A falta de critérios padronizados entre as exibidoras é compreensível também, quando se analisa a origem de cada uma das empresas atuantes no mercado. A Publix, como já foi citado, começou com cartazes ovais instalados em postes. A Pintex (fundada em janeiro de 1936) tem sua origem na fabricação de luminosos e painéis. A Klimes é originária da Propag (fundada em 1954), empresa que começou atuando no mercado de painéis rodoviário e urbanos.
A Novelli comprou a Karvas (que Carlos Vasques havia fundado em 1945) em março de 76, sendo que antes disso trabalhava mais com painéis e luminosos. A Espaço (1966) nasceu como uma extensão da gráfica Nanograf, enquanto a L & C iniciou suas atividades como representante comercial de veículos publicitários. Enquanto isso, nascia a Exibição e, com o decorrer do tempo, a Colagem, como segunda exibidora deste grupo. A Local, em 1969, já foi fundada com o objetivo específico de trabalhar com outdoor. A Adver foi resultante da compra da Alvo.
Fora do eixo Rio – São Paulo, há o exemplo da A. Linhares, de Salvador, fundada em 1931 por Adherbal Linhares, e que iniciou suas atividades implantando gradis para proteção de árvores. Nestes gradis, eram instalados pequenos painéis pintados ou colados com cartazetes publicitários. Posteriormente, a Linhares passou a comercializar pequenos módulos nas estações de bondes e nos próprios bondes.
É interessante ressaltar que, para comercializar cartazes nos abrigos de bondes, a Linhares literalmente construiu tais abrigos, participando de concorrência na Prefeitura de Salvador.
Além dos cartazes, a Linhares também iniciou a instalação de luminosos de néon sobre os telhados dos abrigos, uma chamativa novidade para aquele final de década de 30.

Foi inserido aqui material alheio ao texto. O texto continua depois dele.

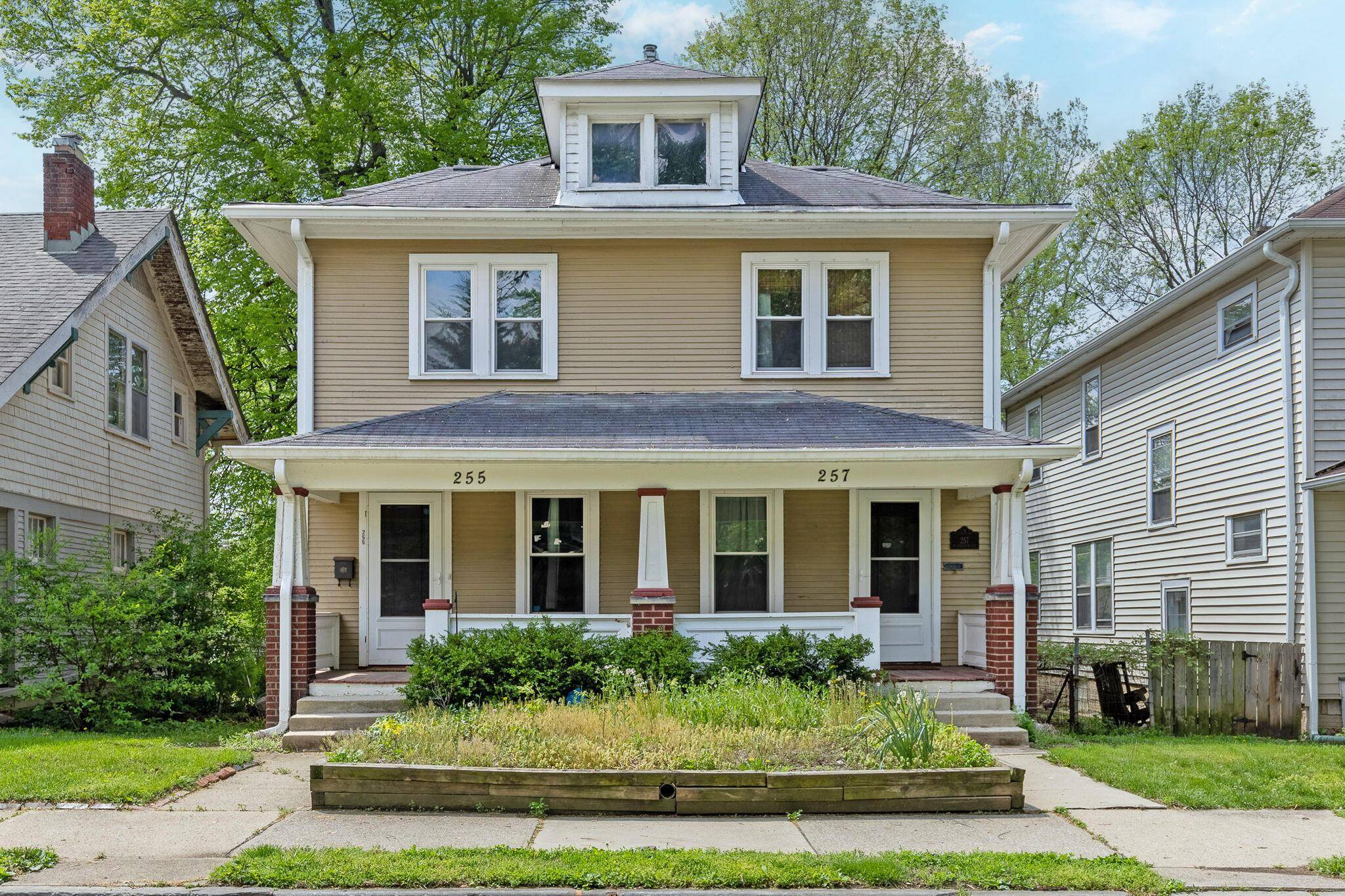 Columbus, OH 43202,255257 W Lakeview Avenue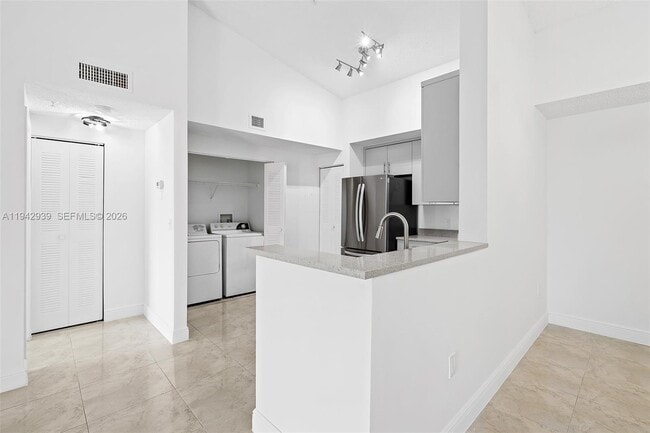 Photo - 6992 SW 39th St Unit I302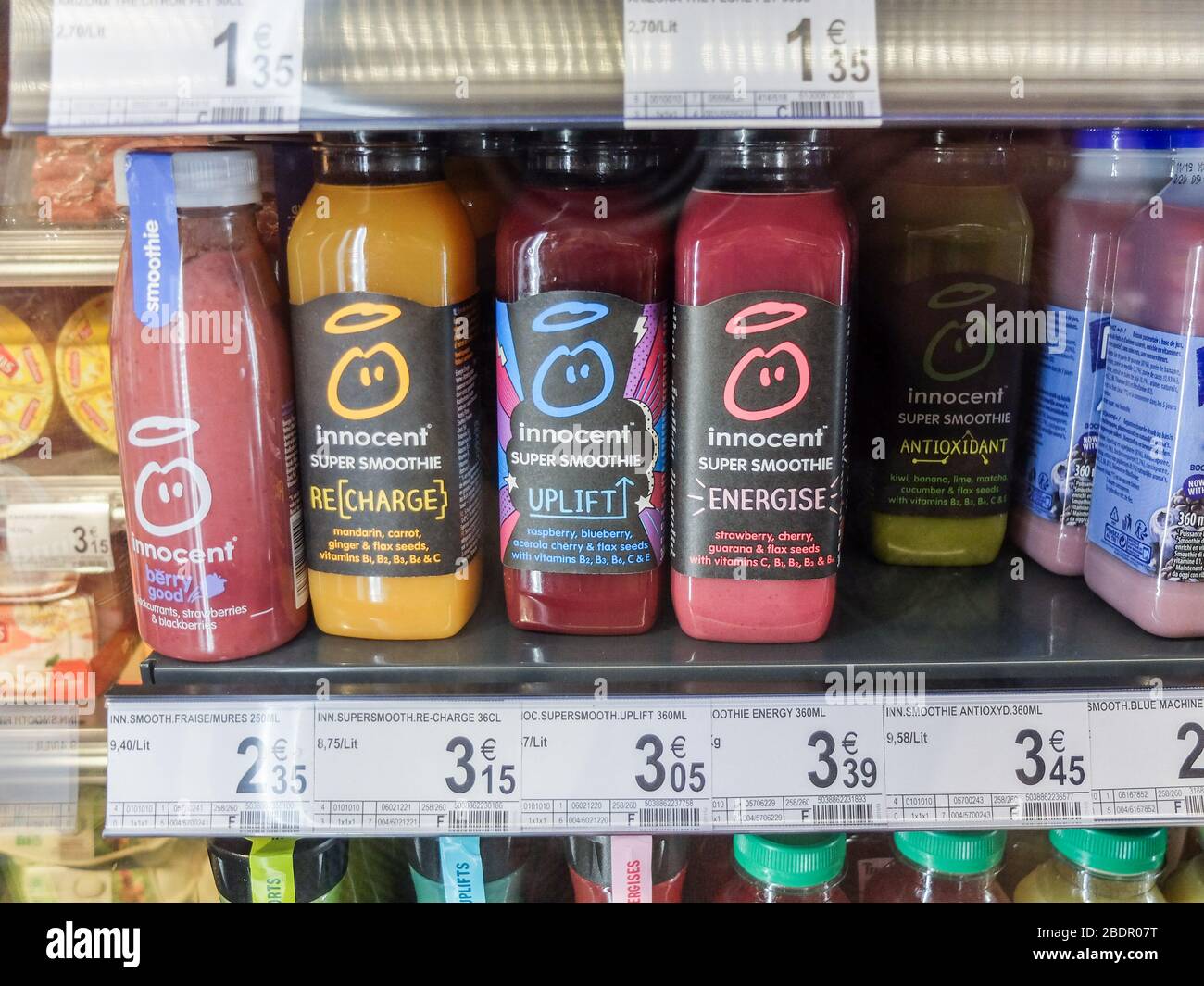 Unschuldiger Super Smoothie in einem Lebensmittelgeschäft Stockfoto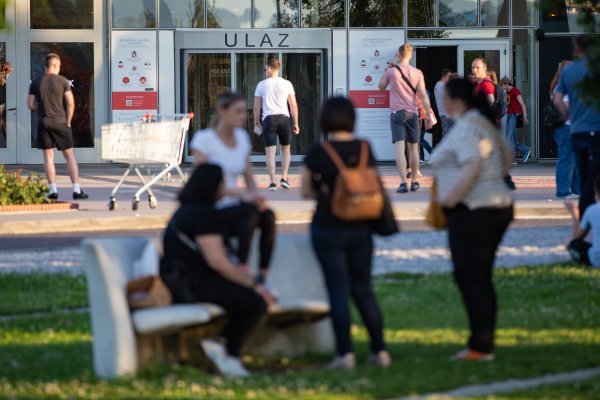 Dojava o bombi u Arena centru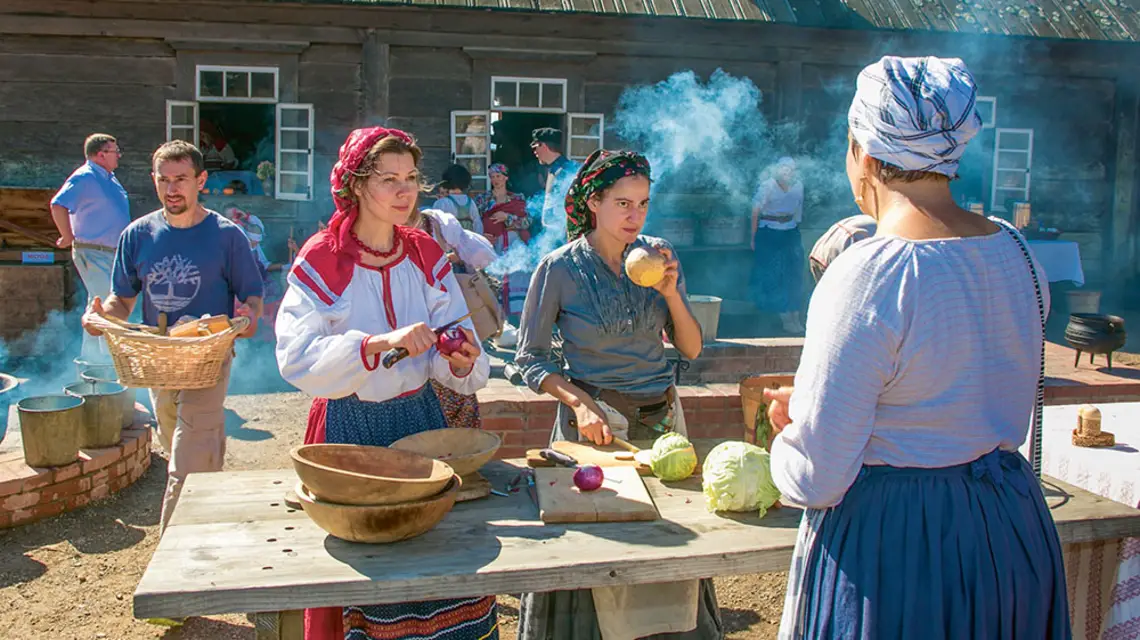 Festiwal „Święto Plonów” w kalifornijskim Fort Ross, 18 października 2017 r. / GEORGE ROSE / GETTY IMAGES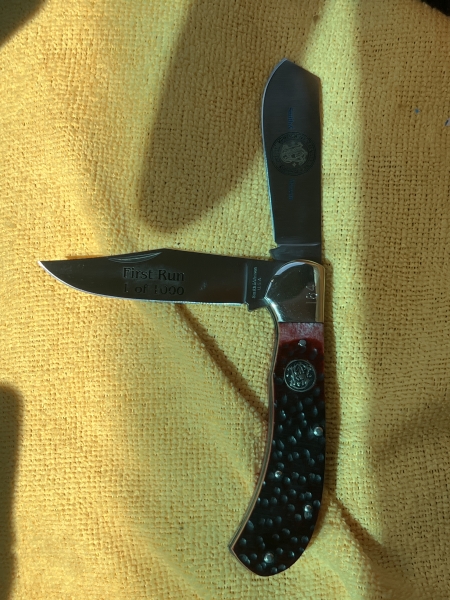 145th anniversary Smith & Wesson number 146 of 1000 old trapper large red stag handle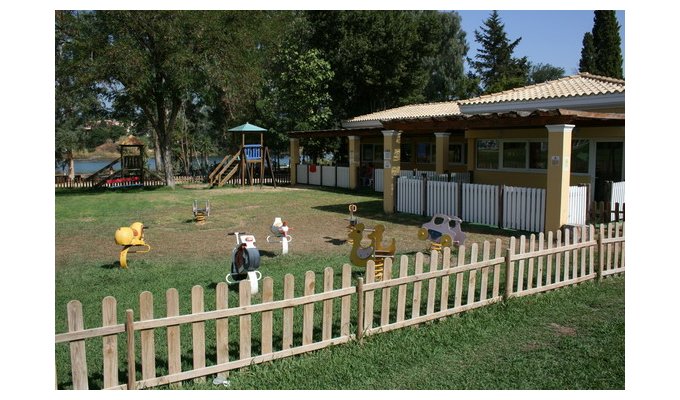 Your stay in Greece, accommodation 8j / 7 nights hotel all-inclusive room with views over the hinterland. Corcyra Beach Hotel. 
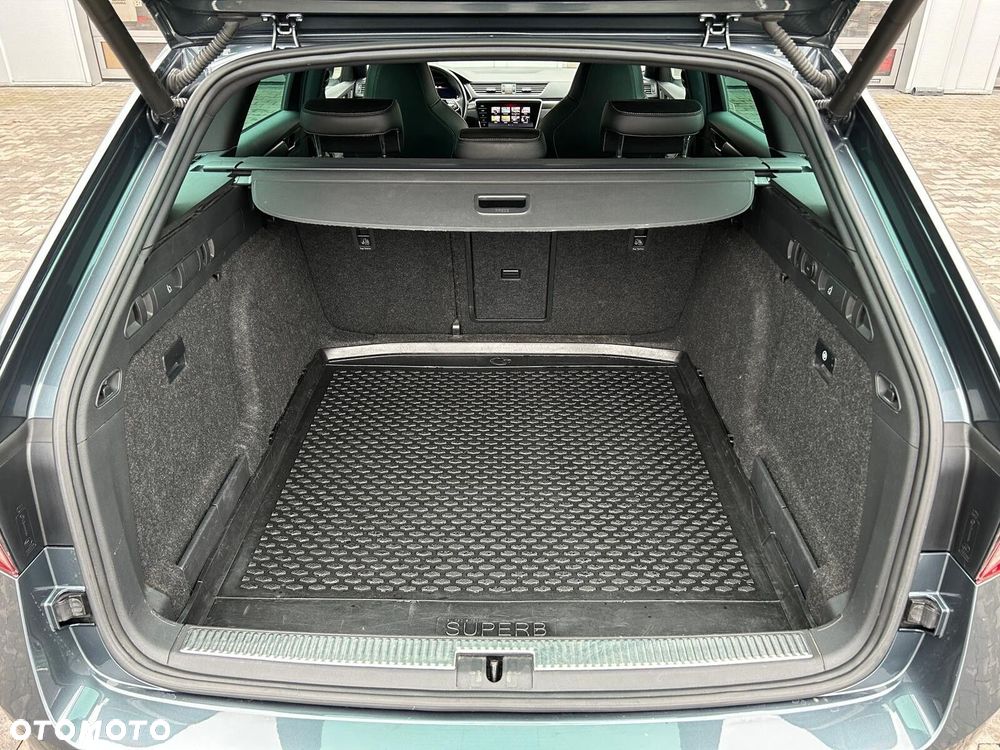 Skoda Superb 2.0 TSI Sportline DSG - 11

Cada uma destas empresas começou a crescer e a se desenvolver trabalhando com diferentes orientações e parâmetros. Havia um crescimento desordenado, resultante de um trabalho individual que acabou gerando uma concorrência negativa entre as empresas. As diferentes orientações passaram a confundir, por exemplo, as programações de compra, no mesmo momento em que as exibidoras atingiam um grau de profissionalismo que não mais permitia este tipo de desencontro.
O meio outdoor estava reunindo, assim, diversos empresários vindos de diversas atividades, cada qual com sua maneira própria de negociar, de instalar tabuletas e de administrar suas empresas. Tal desencontro de orientações começou a se refletir de maneira muito agressiva nas ruas e avenidas das grandes cidades, através de um número excessivo de tabuletas, que geravam uma manutenção precária e um visual confuso. O outdoor passou a ser alvo de críticas e os empresários começaram a sentir cada vez mais a necessidade de se reunirem em torno de uma mesma mesa para debaterem seus problemas e soluções.
Estava jogada a semente para a criação da Central de Outdoor.